Linear Combination of Vectors

A linear combination is the sum of products between vectors and their corresponding scalars.

To provide some context, consider a vector space, V, defined over a field K. In one of my explorations, I selected m vectors from this space, denoted as v1,...,vm ∈ V. Concurrently, I identified a set of scalars,α1,...,αm ∈ K from K. The linear combination of these vectors and scalars is: $$ v=α_1 v_1 + ... + α_m v_m $$

What remains compelling to me is that this resultant vector still firmly resides within V. This is attributed to the foundational operations employed - addition and multiplication - which consistently produce results intrinsic to V.

Example

For clarity, I'll elucidate with an example.

Within the confines of the R3 field for a vector space, V, I once delineated two vectors:

$$ v_1 = \{ 4,5,6 \} $$ $$ v_2 = \{ 7,8,9 \} $$

For this particular study, I also incorporated two scalars from the real number domain:

$$ α_1=1 , α_2=2 $$

The linear combination of these vectors, facilitated by the scalars, was derived by multiplying each vector by its scalar and subsequently aggregating the results:

$$ v = α_1 v_1 + α_2 v_2 $$

Sequentially, this evolved as:

$$ v = 1 \cdot v_1 + 2 \cdot v_2 $$

$$ v = 1 \cdot \{ 4,5,6 \} + 2 \cdot \{ 7,8,9 \} $$

$$ v = \{ 4,5,6 \} + \{ 14,16,18 \} $$

$$ v = \{ 4+14,5+16,6+18 \} $$

$$ v = \{ 18,21,24 \} $$

Upon conclusion, I discerned that the vector \{ 18,21,24 \} was the culmination of the vectors and scalars I had initially chosen.

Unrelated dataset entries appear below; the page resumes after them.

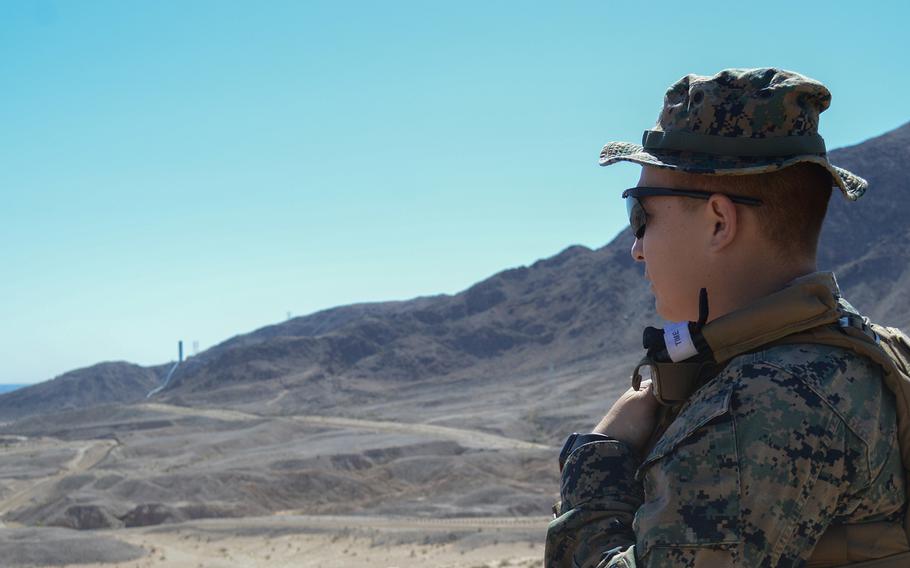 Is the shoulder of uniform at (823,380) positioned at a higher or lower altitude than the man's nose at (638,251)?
lower

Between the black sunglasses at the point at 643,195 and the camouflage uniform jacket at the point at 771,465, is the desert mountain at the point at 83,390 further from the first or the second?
the camouflage uniform jacket at the point at 771,465

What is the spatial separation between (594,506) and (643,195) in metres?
0.66

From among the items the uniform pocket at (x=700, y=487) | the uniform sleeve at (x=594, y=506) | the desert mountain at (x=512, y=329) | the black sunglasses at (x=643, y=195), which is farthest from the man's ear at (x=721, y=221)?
the desert mountain at (x=512, y=329)

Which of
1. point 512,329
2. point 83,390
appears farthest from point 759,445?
point 83,390

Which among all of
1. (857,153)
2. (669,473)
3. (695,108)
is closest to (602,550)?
(669,473)

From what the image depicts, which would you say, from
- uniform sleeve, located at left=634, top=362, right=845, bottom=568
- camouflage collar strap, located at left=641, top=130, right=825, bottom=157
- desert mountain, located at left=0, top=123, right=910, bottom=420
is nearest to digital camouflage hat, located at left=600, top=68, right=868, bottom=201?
camouflage collar strap, located at left=641, top=130, right=825, bottom=157

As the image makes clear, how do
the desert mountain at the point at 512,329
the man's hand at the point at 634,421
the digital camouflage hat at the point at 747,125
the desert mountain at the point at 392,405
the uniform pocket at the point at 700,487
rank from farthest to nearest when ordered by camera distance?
the desert mountain at the point at 512,329 < the desert mountain at the point at 392,405 < the man's hand at the point at 634,421 < the digital camouflage hat at the point at 747,125 < the uniform pocket at the point at 700,487

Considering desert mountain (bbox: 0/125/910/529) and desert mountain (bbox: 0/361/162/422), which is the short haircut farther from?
desert mountain (bbox: 0/361/162/422)

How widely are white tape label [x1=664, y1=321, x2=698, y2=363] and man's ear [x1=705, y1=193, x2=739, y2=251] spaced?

Trivial linear combination

However, a pertinent consideration arose: What if all the scalars were zero? This scenario ushers in the concept of the trivial linear combination:

$$ v= 0 \cdot v_1 + ... + 0 \cdot v_m $$

Herein:

$$ \{ α_1 , ... , α_m \} = \{ 0 , ... , 0 \} $$

The inevitable conclusion? The vector, v, invariably equates to zero, synonymous with a null vector.

$$ v=0 $$

 
 

Please feel free to point out any errors or typos, or share suggestions to improve these notes. English isn't my first language, so if you notice any mistakes, let me know, and I'll be sure to fix them.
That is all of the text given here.